Last night I dreamt that I was in a class for sports broadcasters and the final test consisted of doing the play-by-play for a major league baseball game. In the dream I watched my fellow students step up to the microphone, and with varying degrees of success, put their own special spin on the broadcast. I wasn’t worried even a little bit. Then it came my turn.

First. I lost the microphone. It was right there, and then, poof! Gone. I searched and searched, all while the instructor tapped his foot and looked pointedly at his watch. Finally I found it—under my shirt of all places. I plugged the mic in and began my broadcast, only now there weren’t baseball players on the field, there were chickens.

I looked helplessly at the instructor. He just said, “Banter and schtick!” Or maybe he said “banter and chick.”

So I launched into a weather report interspersed with a great many “ums” and “uhs.” The chickens were running about cackling and clucking as chickens do, and the instructor made a slashing motion across his throat. “Cut!”

I’d failed.

I curled up on the baseball field in the fetal position and cried.

Now, it doesn’t take a genius (thank goodness) to interpret this dream. Having just launched my second book—and my first attempt at a romance novel—I’d had a failure dream. One could say my field of dreams was a massive cluck-up.

The book’s doing okay, though. I’m anxious about first reviews, but hopeful, too. Mainly I hope the chickens don’t come home to roost again tonight.

Peace, and sweet dreams, people.

Faking It

I had an embarrassing dream last night. Apparently I’d told a group of people that I could play the trumpet, thinking that I’d never have to prove it, or that if someone did ask for proof I could somehow fake my way through it.

In the dream I bought a used trumpet and an instruction book, but never bothered to actually learn to play. Of course, in the dream an emergency situation called for a trumpet player and the group turned to me.

You know how in dreams the magical can happen? You need to be able to fly, so you fly. Or you’ve met Huey Lewis and he falls in love with you? Yeah, this dream wasn’t like that. I carried my trumpet on stage, put it to my lips, and went Pvvvttvvvpp!

The audience smiled politely, probably thinking I was just warming up, and then it happened again: Pvvvttvvpp! Pvvvttvvpp……!

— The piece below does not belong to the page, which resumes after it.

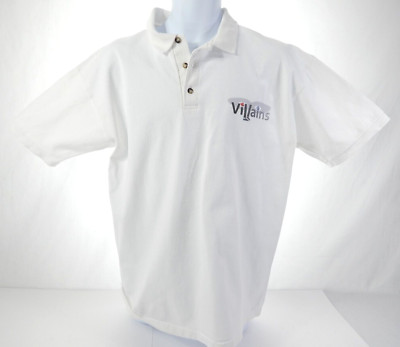 THE VILLAINS Vtg 1980s Ska Band Polo Golf Pullover Shirt LRG COMMODORE BALLROOM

There were loud boos, and somehow worse—looks of disappointment. Someone from backstage came forward and pried the trumpet from my hands. I recall wishing I could sink between the boards, but I just stood there taking my punishment until in the real world my cat patted my cheek and woke me up.

Analysis? I think maybe the trumpet represents my current frustration with editing and revising my romance. Someone’s going to come along and yank it out of my hands before it goes Pvvvttvvpp. I’d call it Imposter Syndrome, but that connotes some level of success that I have yet to achieve.

Or maybe I just ate too much too close to bedtime.

Peace, people

In Her Dreams

Hovering on the

Edge of nothingness

Visions quiver ‘neath closed lids

Watchful

Hoping, yet

In the fourth state

No kingdoms conquered

No triumphs over death’s grip

Nary a prince kissed

At the very least

Shouldn’t she be the hero,

Star in her own dreams?

Artist Kinga Britschgi

What’s in Baltimore?

Last night was both a hit and a miss in the sleep department. I initially fell asleep quickly, but awakened approximately an hour later, eyes wide open, thoughts swirling like frantic snowflakes in a blizzard. I read a while until those flakes blanketed the ground of my mind and I was able to doze off again. I repeated the pattern to some extent all night long. Some sleep periods were longer, others shorter. I did dream, though, which is always a good sign.

In the one dream I can recall I had been working in some distant city and was trying to return home to Baltimore, Maryland, via train. I was so sleepy in the train station that I couldn’t stand in the ticket line without dozing off. When I finally managed to speak to a ticket agent I couldn’t remember my address in Baltimore, so she sent me to the back of the line until I could.

Now, I’ve been to Baltimore. I once worked for a company that was based there, and my initial two weeks with the company were spent in the suburb of Towson. But I live in Florida. I’m not sure why my brain thought I needed to go home to Baltimore.

I did finally get on the train in my dream, where I sat next to a man who’d been a social worker before retiring to paint landscapes. I told him I’d come “this close” to being a social worker–a blatant lie–but that I’d chosen a career as a teacher instead. I also told him I could paint. Another lie.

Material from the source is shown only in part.